Tag Archives: robert johnson

“when the train left the station…”

“I’m nobody,” Emily Dickinson wrote. “Are you–nobody–too?” I like to quote that brief phrase sometimes when I’m lonely, frightened, or otherwise confused. I’ve learned enough by now to know that we all ask ourselves that question, even if only in the darkest hours of our nights. When you realize that, sometimes you don’t feel so all alone.

My darkest hours seem to arrive between midnight and four A.M., the time I used to look forward to when my kids were young because then the house was quiet and I could write, play music and guitar, and refresh my muse, as Hemingway said, “from the springs that fed it.” The nights and years have been so lonely since those times, so very lonely, like the times in the middle of the night when the bedroom door would open and a little boy (or two) would crawl into bed with me while his mother worked. “This bed is empty,” goes the Stones song; I’m not sure it’s something you ever get used to.

Love in vain, love in vain; and all is vanity, even the person I believed I once was.

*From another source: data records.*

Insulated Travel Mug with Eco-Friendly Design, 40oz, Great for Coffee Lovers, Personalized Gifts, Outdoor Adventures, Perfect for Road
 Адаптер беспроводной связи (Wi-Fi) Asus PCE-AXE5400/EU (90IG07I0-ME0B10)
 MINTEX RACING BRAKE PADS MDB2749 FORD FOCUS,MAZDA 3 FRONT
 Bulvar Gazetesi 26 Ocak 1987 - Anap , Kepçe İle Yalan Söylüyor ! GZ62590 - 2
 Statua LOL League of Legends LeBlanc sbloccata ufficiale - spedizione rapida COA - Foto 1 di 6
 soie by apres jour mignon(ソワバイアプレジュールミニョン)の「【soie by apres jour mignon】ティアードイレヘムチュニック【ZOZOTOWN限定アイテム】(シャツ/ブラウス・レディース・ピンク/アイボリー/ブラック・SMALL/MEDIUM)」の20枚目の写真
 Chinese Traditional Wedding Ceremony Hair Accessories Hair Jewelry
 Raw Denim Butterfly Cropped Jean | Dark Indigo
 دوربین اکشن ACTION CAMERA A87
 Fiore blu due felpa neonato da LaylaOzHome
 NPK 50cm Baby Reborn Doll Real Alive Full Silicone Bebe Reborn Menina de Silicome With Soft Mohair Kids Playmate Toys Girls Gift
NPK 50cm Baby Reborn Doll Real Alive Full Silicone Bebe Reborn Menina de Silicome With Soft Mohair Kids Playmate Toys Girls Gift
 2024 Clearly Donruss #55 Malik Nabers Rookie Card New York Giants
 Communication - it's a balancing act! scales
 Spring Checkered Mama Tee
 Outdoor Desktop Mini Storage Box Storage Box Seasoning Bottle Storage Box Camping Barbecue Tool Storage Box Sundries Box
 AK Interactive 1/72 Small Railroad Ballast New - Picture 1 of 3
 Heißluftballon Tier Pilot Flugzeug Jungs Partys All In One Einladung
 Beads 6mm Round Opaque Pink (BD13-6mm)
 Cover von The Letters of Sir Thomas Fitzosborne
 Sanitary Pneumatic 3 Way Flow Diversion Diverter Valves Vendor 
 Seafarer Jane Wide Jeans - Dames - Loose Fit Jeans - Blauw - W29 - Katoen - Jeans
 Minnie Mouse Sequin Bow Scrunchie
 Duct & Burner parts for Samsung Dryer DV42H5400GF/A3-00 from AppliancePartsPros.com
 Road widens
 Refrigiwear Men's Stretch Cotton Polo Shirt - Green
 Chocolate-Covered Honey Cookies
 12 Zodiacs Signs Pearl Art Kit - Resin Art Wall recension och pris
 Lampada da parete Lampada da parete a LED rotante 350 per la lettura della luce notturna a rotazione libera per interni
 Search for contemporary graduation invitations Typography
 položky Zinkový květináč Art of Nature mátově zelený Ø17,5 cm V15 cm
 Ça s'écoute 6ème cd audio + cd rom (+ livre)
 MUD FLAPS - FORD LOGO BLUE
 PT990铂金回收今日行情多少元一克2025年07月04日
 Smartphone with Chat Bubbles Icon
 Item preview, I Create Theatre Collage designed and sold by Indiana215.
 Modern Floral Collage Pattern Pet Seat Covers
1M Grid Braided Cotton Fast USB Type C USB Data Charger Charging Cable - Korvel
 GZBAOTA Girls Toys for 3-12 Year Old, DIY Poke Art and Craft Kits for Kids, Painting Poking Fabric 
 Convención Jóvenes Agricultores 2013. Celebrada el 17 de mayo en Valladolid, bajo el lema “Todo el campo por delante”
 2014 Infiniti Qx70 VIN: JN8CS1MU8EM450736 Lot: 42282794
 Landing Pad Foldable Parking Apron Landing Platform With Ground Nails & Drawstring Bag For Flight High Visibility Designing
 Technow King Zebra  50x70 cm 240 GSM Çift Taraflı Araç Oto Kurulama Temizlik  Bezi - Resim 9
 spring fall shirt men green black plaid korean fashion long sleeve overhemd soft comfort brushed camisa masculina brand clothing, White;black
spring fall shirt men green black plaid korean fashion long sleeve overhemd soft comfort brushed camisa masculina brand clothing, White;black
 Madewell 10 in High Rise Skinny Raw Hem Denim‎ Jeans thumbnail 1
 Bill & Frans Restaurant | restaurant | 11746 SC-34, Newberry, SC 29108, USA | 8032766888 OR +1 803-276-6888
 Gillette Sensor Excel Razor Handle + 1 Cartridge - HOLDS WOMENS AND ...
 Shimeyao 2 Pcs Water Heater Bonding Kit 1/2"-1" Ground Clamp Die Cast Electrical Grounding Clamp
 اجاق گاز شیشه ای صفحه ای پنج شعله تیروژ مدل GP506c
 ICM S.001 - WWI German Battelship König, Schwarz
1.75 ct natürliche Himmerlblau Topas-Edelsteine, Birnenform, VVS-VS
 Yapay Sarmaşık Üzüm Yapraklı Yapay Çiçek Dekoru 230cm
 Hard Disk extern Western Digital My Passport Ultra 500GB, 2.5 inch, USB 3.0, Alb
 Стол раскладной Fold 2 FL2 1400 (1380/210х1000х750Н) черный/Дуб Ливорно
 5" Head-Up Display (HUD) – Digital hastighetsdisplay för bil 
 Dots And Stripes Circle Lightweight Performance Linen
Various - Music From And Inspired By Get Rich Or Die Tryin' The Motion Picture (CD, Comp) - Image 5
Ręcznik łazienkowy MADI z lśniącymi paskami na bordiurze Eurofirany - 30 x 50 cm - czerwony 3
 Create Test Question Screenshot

Well, its hard to tell, its hard to tell, but all your love’s in vain
Well, I felt so sad and lonesome that I could not help but cry

It’s okay. No matter what I once believed when I was young and arrogant, I knew I couldn’t live a charmed life forever. It was always so…precarious…even then. And now the worst times are over, finally, and once again I live a life of seeing and possibility. I sometimes joke about the Fitzgerald line that “there are no second acts in American lives.” It wasn’t so long ago that I believed it completely. But I no longer believe it anymore.